BANYUWANGI, KOMPAS.com - Sound horeg populer dinikmati beberapa kalangan. Karena kegemarannya itu, penikmatnya pun rela merogoh kocek dalam untuk mewujudkan acara yang ingin mereka gelar.
Salah satunya perkumpulan pemuda asal Desa Sidorejo, Kecamatan Purwoharjo, Banyuwangi, Jawa Timur, yang mengungkap rincian iuran mencapai Rp 38 juta dan diunggah lewat akun TikTok mereka, Mbogeg Gank.
"Yang iuran 15 orang, sewa soundnya dari Jember sekitar Rp 30 juta," ungkap perwakilan pemuda, Sony, Senin (25/8/2025).
Nantinya, sisa iuran sebesar Rp 8 juta akan digunakan untuk dekorasi penjor hingga kebutuhan operasional selama karnaval sound berlangsung, termasuk pembuatan kaus dan logistik.
Jika masih tersisa, maka uang akan disimpan untuk kegiatan-kegiatan pemuda desa di kemudian hari.
Para pemuda yang terlibat dalam iuran itu memiliki latar belakang pekerjaan bervariasi, mulai dari bertani, berdagang, pekerja ekspedisi, hingga pelajar.
Mereka rela iuran hingga di atas Rp 1,5 juta per orang demi menghadirkan sound horeg.

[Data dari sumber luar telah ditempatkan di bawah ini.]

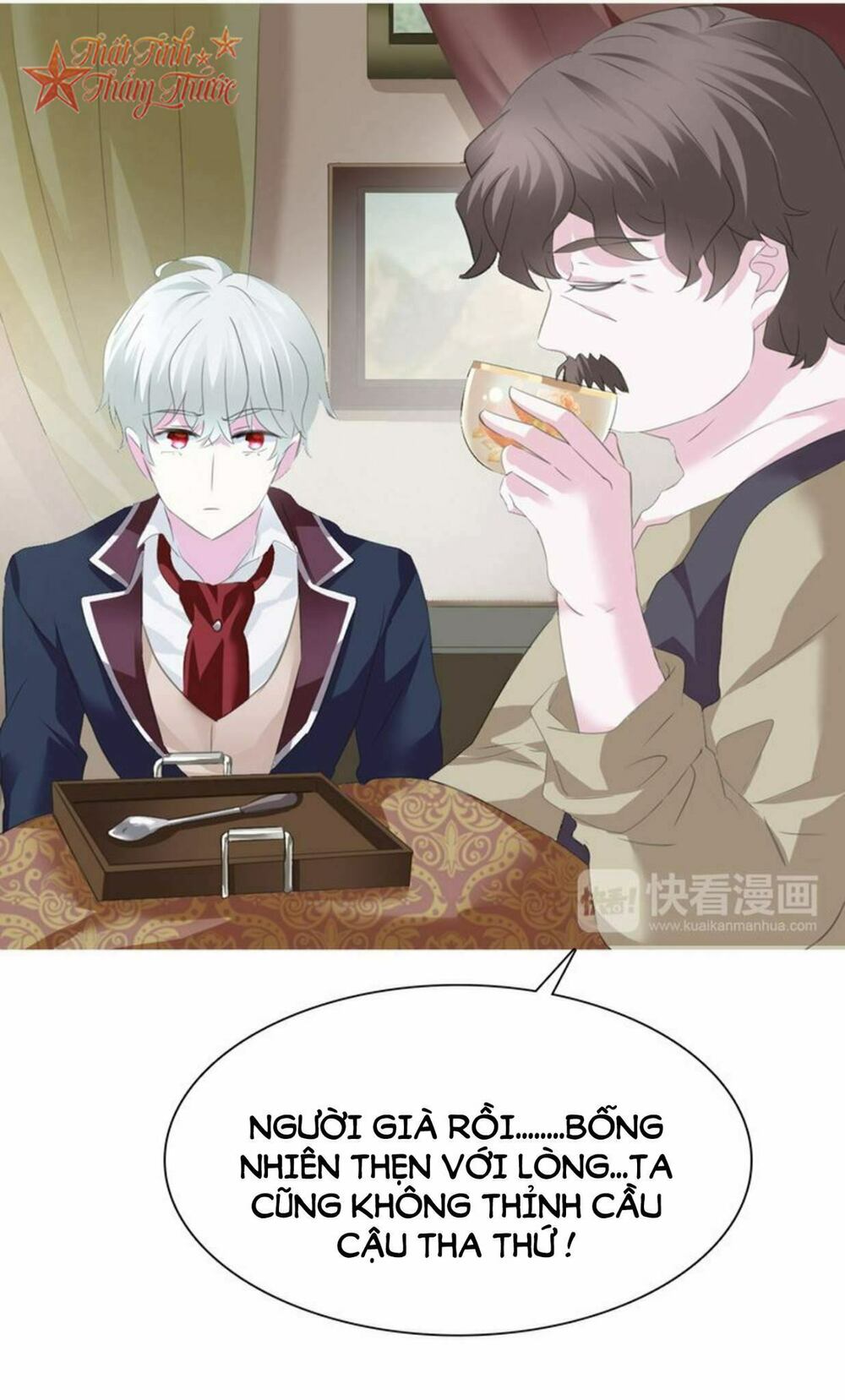 Một lời không hợp liền hút máu: Chapter 56
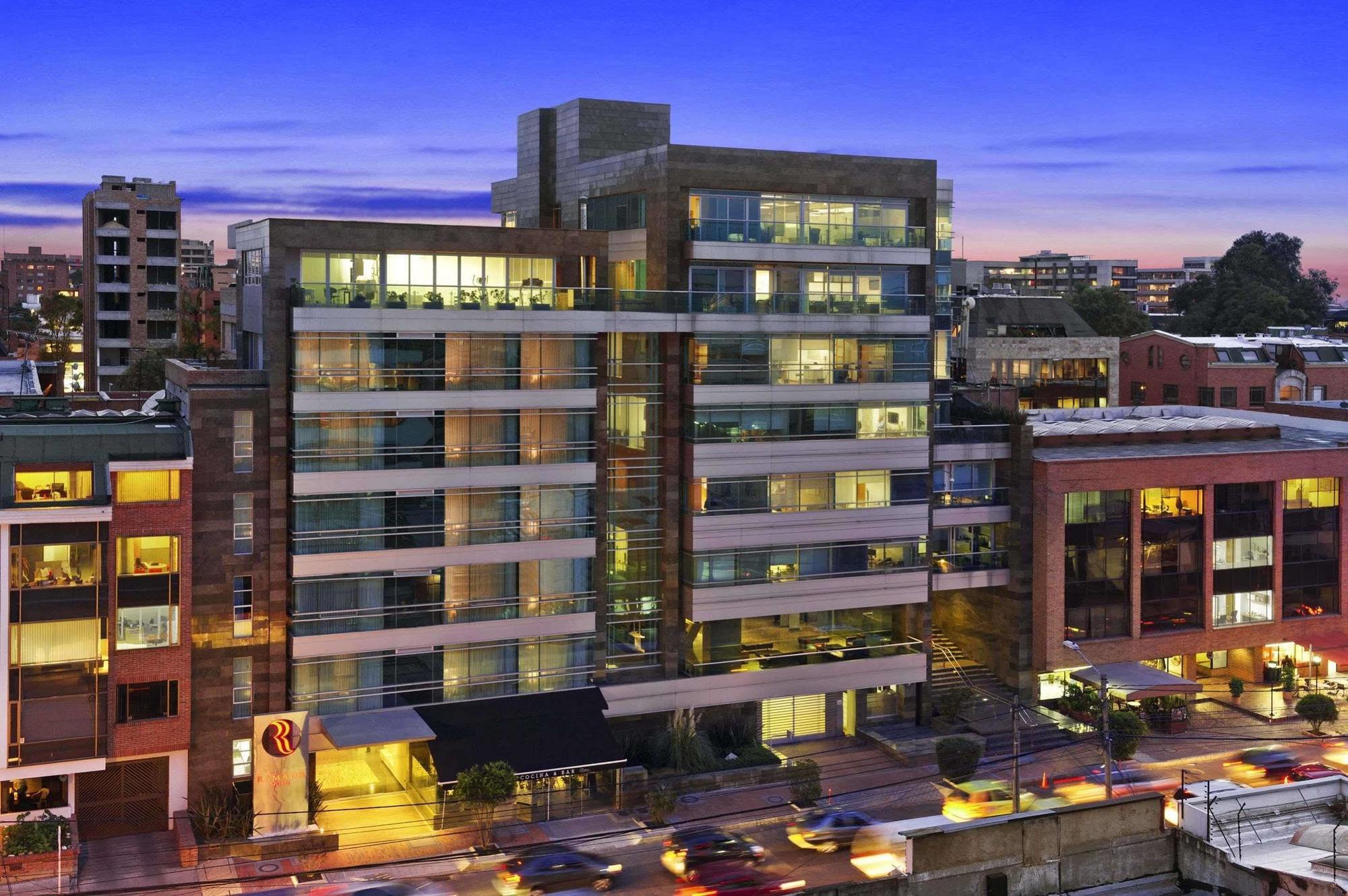 Ramada Bogota Parque 93 Hotel Luaran gambar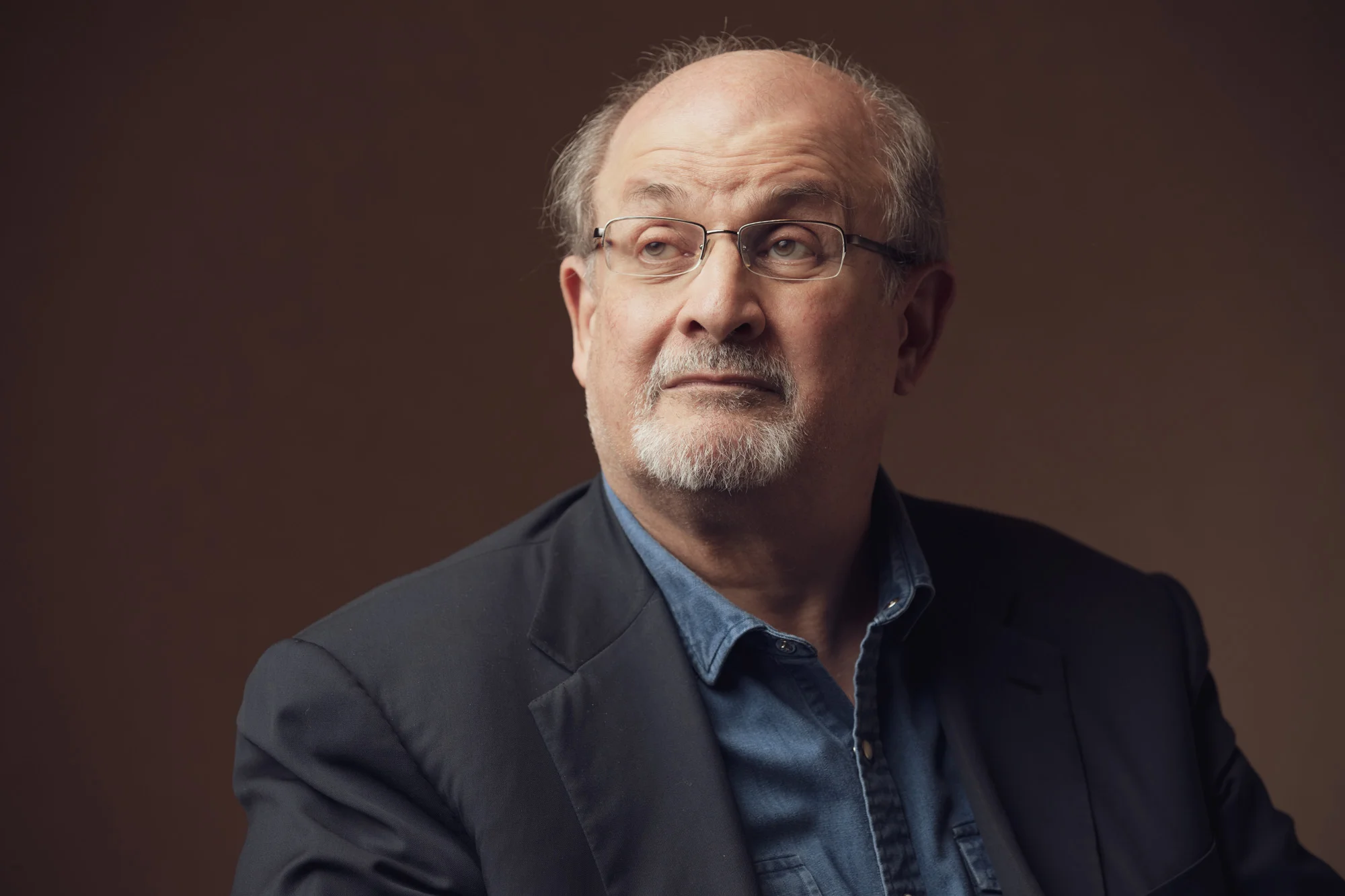 Salman Rushdie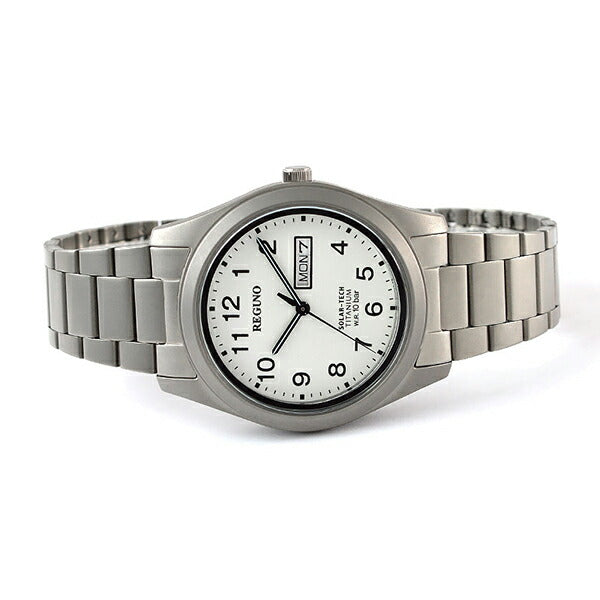 シチズン レグノ REGUNO KM1-415-13 メンズ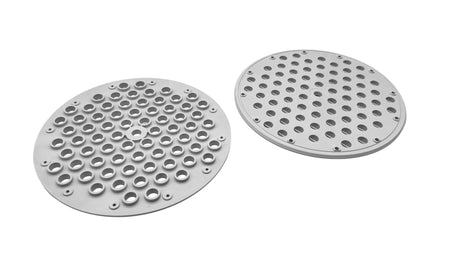 Hayward Tube Sheet Top/Bottom - EC40/50 | ECX1004ASET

"Karena semangat. Kita punya tekad keinginan. Kita punya satu tujuan yang sama untuk memeriahkan karnaval," ungkap Sony.
Sony mengatakan, sound yang telah disewa nantinya akan berpartisipasi dalam karnaval desa yang diikuti sekitar 14 kelompok pada bulan Oktober 2025 untuk menyambut Hari Sumpah Pemuda.
"Kalau kegiatan di bulan Agustus, traffic sudah tinggi, jadi kita cari selanya, dari musyawarah disepakati bulan Oktober," tambahnya.
Meski menggelontorkan dana yang tak sedikit, Sony mengaku perkumpulan pemuda yang diwakilinya ikhlas dengan iuran tersebut dan tak memikirkan timbal balik yang akan didapatkan.
Di sisi lain, berbicara tentang aturan, menurut Surat Edaran Gubernur Jawa Timur yang yang menetapkan batas kebisingan maksimal 120 desibel (dBA), Sony mengaku tak keberatan.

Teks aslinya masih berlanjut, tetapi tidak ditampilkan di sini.